« Nous avons déjà rattrapé quelques-uns de ceux que nous pourchassons, dit-il. Regardez ! » Il pointa l’index, et les deux autres se rendirent compte que ce qu’ils avaient pris d’abord pour des roches entassées au bas de la pente était en fait des cadavres. Cinq Orques morts se trouvaient étendus là. Leurs corps étaient cruellement tailladés, et deux d’entre eux avaient été décapités. Le sol était trempé de leur sang noirâtre.
« Voilà encore une énigme ! dit Gimli. Mais seul le jour pourrait y jeter quelque lumière, et nous ne pouvons l’attendre. »
« Néanmoins, quelle que soit la réponse, elle ne paraît pas défavorable, dit Legolas. Quiconque s’oppose aux Orques est fort probablement notre allié. Ces collines sont-elles habitées ? »
« Non, dit Aragorn. Les Rohirrim viennent rarement par ici, et nous sommes loin de Minas Tirith. Il se peut qu’une compagnie d’Hommes soit venue chasser ici pour des raisons qui nous sont inconnues. Mais je ne le crois pas. »
« Que croyez-vous ? » demanda Gimli.
« Je crois que l’ennemi marchait avec son propre ennemi, répondit Aragorn. Ce sont des Orques du Nord, venus de loin.
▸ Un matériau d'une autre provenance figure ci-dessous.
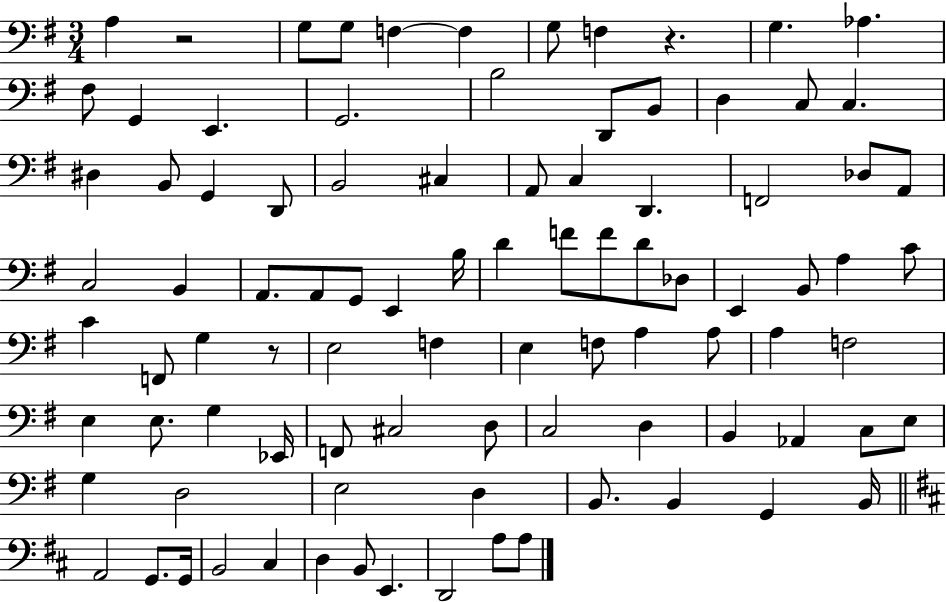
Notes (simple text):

A3/q R/h G3/e G3/e F3/q F3/q G3/e F3/q R/q. G3/q. Ab3/q. F#3/e G2/q E2/q. G2/h. B3/h D2/e B2/e D3/q C3/e C3/q. D#3/q B2/e G2/q D2/e B2/h C#3/q A2/e C3/q D2/q. F2/h Db3/e A2/e C3/h B2/q A2/e. A2/e G2/e E2/q B3/s D4/q F4/e F4/e D4/e Db3/e E2/q B2/e A3/q C4/e C4/q F2/e G3/q R/e E3/h F3/q E3/q F3/e A3/q A3/e A3/q F3/h E3/q E3/e. G3/q Eb2/s F2/e C#3/h D3/e C3/h D3/q B2/q Ab2/q C3/e E3/e G3/q D3/h E3/h D3/q B2/e. B2/q G2/q B2/s A2/h G2/e. G2/s B2/h C#3/q D3/q B2/e E2/q. D2/h A3/e A3/e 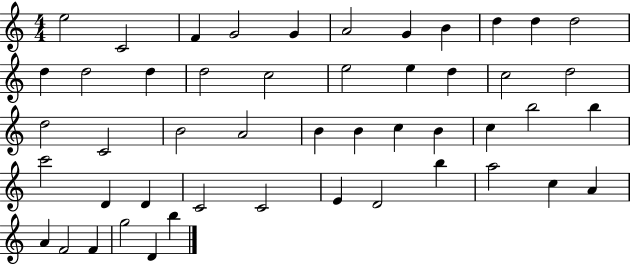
E5/h C4/h F4/q G4/h G4/q A4/h G4/q B4/q D5/q D5/q D5/h D5/q D5/h D5/q D5/h C5/h E5/h E5/q D5/q C5/h D5/h D5/h C4/h B4/h A4/h B4/q B4/q C5/q B4/q C5/q B5/h B5/q C6/h D4/q D4/q C4/h C4/h E4/q D4/h B5/q A5/h C5/q A4/q A4/q F4/h F4/q G5/h D4/q B5/q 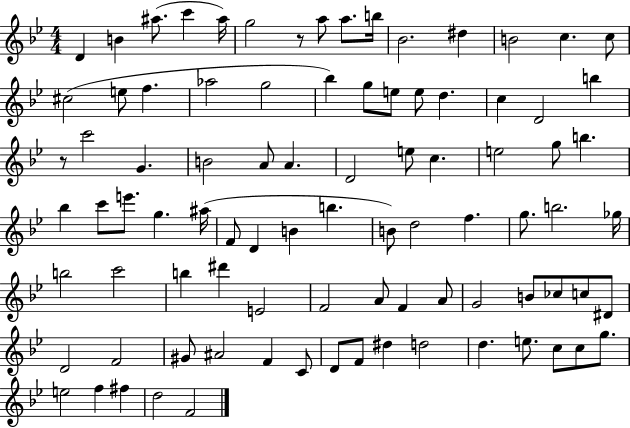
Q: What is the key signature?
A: BES major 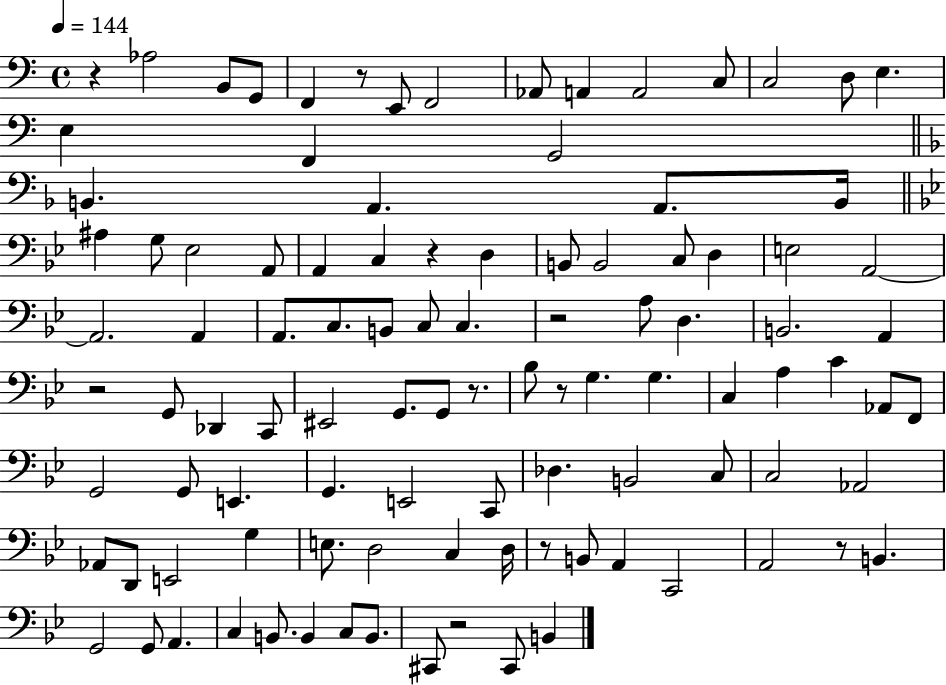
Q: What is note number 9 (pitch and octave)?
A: A2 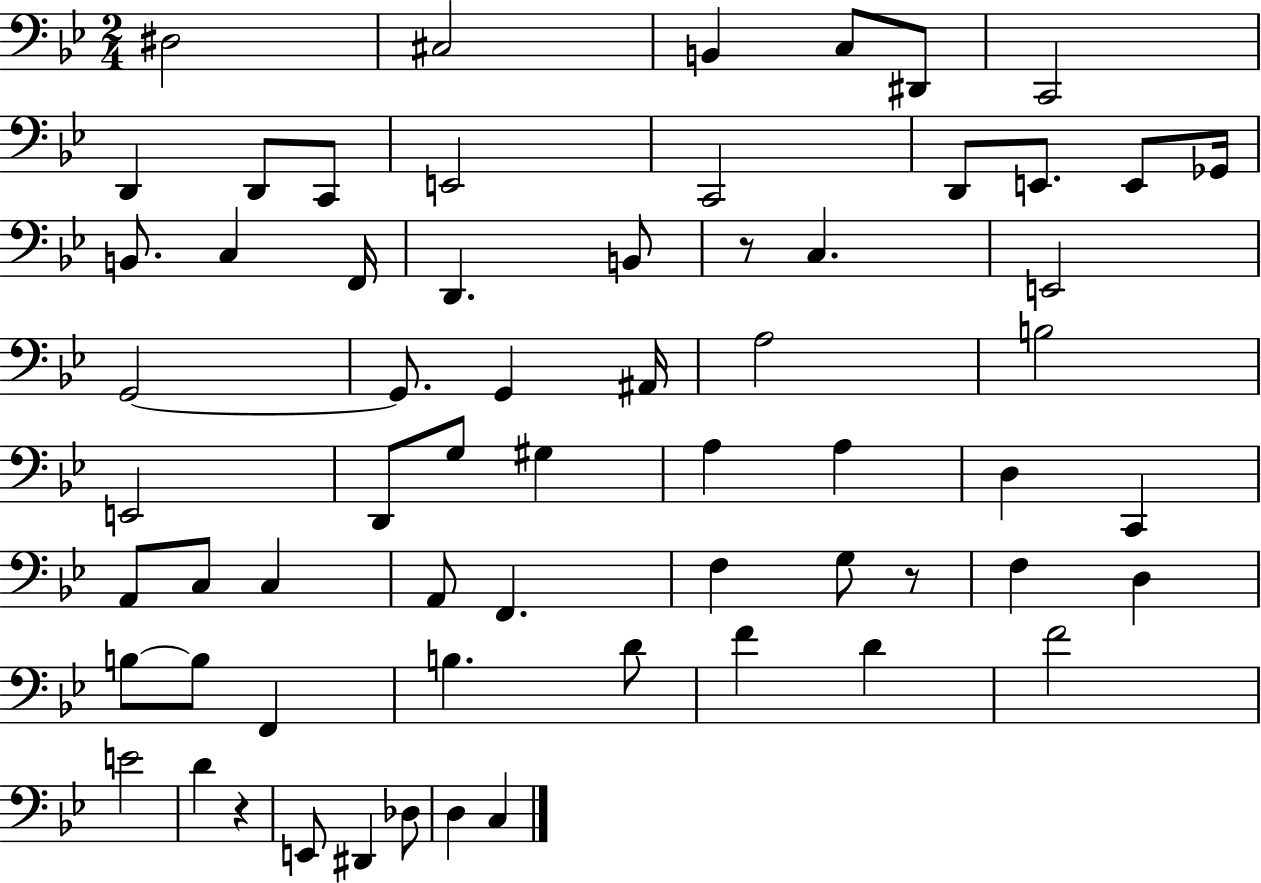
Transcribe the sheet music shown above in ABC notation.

X:1
T:Untitled
M:2/4
L:1/4
K:Bb
^D,2 ^C,2 B,, C,/2 ^D,,/2 C,,2 D,, D,,/2 C,,/2 E,,2 C,,2 D,,/2 E,,/2 E,,/2 _G,,/4 B,,/2 C, F,,/4 D,, B,,/2 z/2 C, E,,2 G,,2 G,,/2 G,, ^A,,/4 A,2 B,2 E,,2 D,,/2 G,/2 ^G, A, A, D, C,, A,,/2 C,/2 C, A,,/2 F,, F, G,/2 z/2 F, D, B,/2 B,/2 F,, B, D/2 F D F2 E2 D z E,,/2 ^D,, _D,/2 D, C, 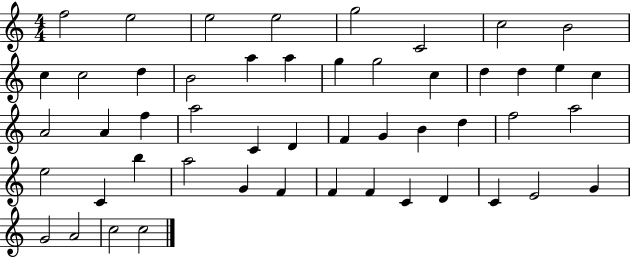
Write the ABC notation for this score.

X:1
T:Untitled
M:4/4
L:1/4
K:C
f2 e2 e2 e2 g2 C2 c2 B2 c c2 d B2 a a g g2 c d d e c A2 A f a2 C D F G B d f2 a2 e2 C b a2 G F F F C D C E2 G G2 A2 c2 c2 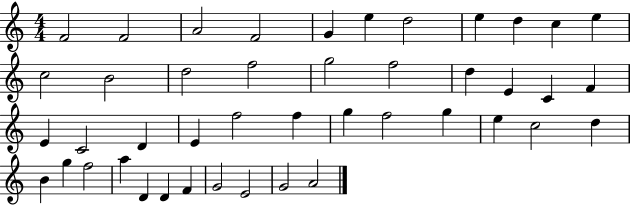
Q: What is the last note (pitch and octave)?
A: A4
Parmi les tués ne se trouve aucun des grands Orques aux écussons étranges. Une querelle a éclaté, m’est avis : pareille chose n’est pas rare chez les gens de cette ignoble espèce. Peut-être s’est-on disputé au sujet de la route à suivre. »
« Ou au sujet des prisonniers, dit Gimli. Espérons qu’ils n’ont pas, eux aussi, trouvé leur fin à cet endroit. »
Aragorn examina le sol sur une vaste circonférence, mais ne trouva aucune autre trace de la bataille. Ils se remirent en route. Déjà, le ciel de l’est pâlissait ; les étoiles s’estompaient, et une lueur grise montait petit à petit. Un peu plus loin au nord, ils trouvèrent un repli de terrain où, en de nombreux sauts et méandres, un petit ruisseau se creusait un chemin rocailleux jusque dans la vallée. Des buissons poussaient dans son lit, et ses rives étaient parsemées de touffes d’herbe.
« Enfin ! dit Aragorn. Voici les traces que nous cherchons ! Au haut de cette ravine : c’est là que les Orques sont montés, une fois leur débat clos. »
Les poursuivants s’engagèrent dans le nouveau sentier d’un pas vif. Comme ragaillardis par une bonne nuit de sommeil, ils bondissaient de pierre en pierre. Enfin, ils atteignirent la crête de la colline grise, et une brise soudaine souffla dans leurs cheveux et agita leurs capes : le vent froid de l’aube.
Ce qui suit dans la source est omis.